ブロションはフィサンとジュブレ・シャンベルタンの間に位置し、この村に独立したアペラシオンはない。仮に新しいアペラシオンが認められたとして、ブロション名では余程のインパクトがない限り、世界市場での取引は困難である。ただしジュブレ・シャンベルタン村に隣接しているため、隠れた銘酒に出会えるチャンスは十二分にあり、部長島耕作(※1)がシンデレラワインとしてACニュイ・サン・ジョルジュを選んだのと同様の夢物語が、この村にはあるやも知れない。

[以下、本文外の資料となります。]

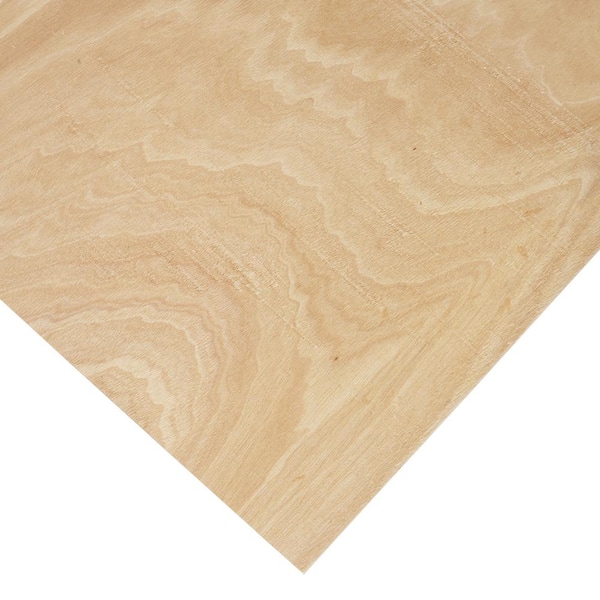 Columbia Forest Products 1/8 in. x 4 ft. x 4 ft. PureBond Radius Bending Plywood Project Panel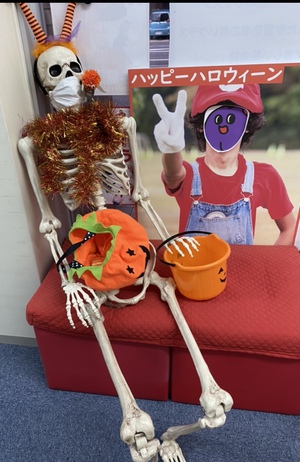 ハロウィーンウィークってなにするの？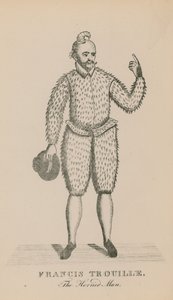 Francis Trouille, de gehoornde man door English School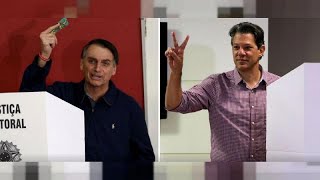 Tag der Entscheidung in Brasilien Bolsonaro oder doch Haddad [upl. by Tessil]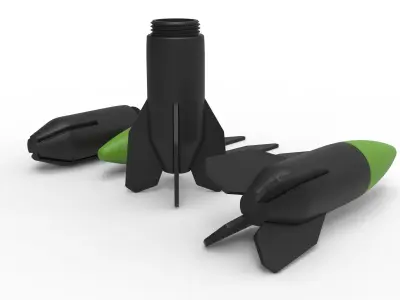 Drone Bomb 3D print model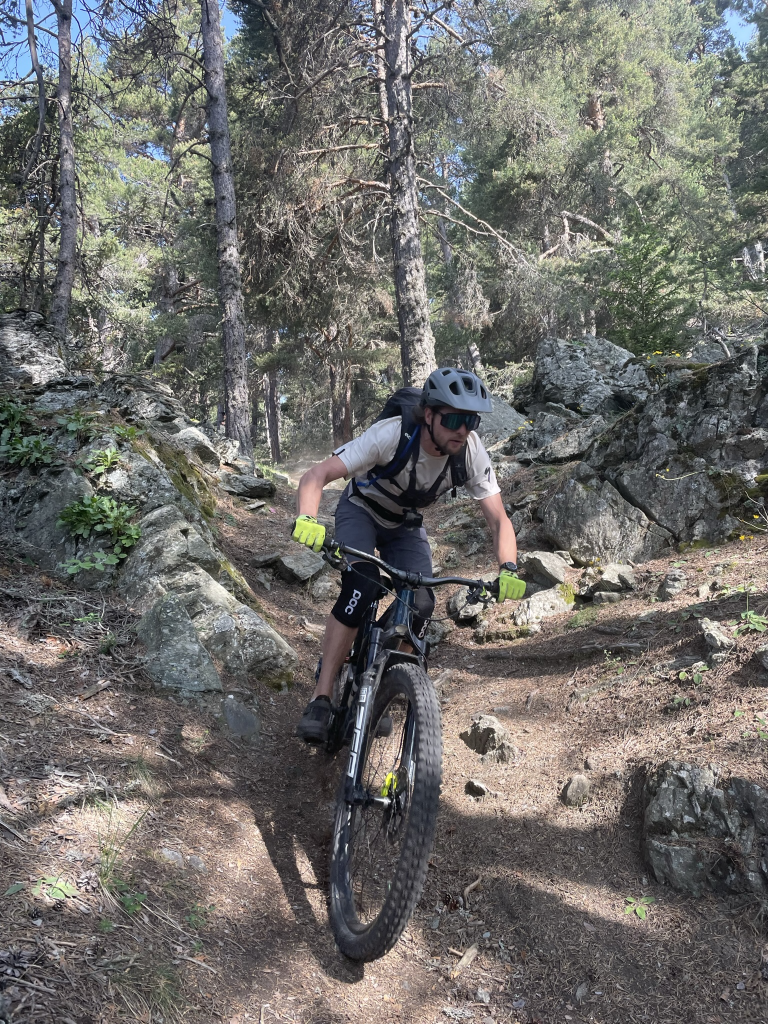 Mountainbike Reis Aosta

プリセーは、ニュイ・サン・ジョルジュの南側に位置し、ACニュイ・サン・ジョルジュを名乗ることができるプレモー村(Prémeaux)に隣接し、ACニュイ・サン・ジョルジュの一級とは片側一車線の国道74号線を挟んで向かい合っている。
コンブランシアンとコルゴロアンはプレモー村とブリセーの南側に接し、この両村までがコート・ド・ニュイ地区であるが、それ以上の情報はない。書いていても忘れやすい名称ではあるが、天下のコート・ド・ニュイを名乗る恩恵は、他の産地の羨むところであろうと想像に難くない。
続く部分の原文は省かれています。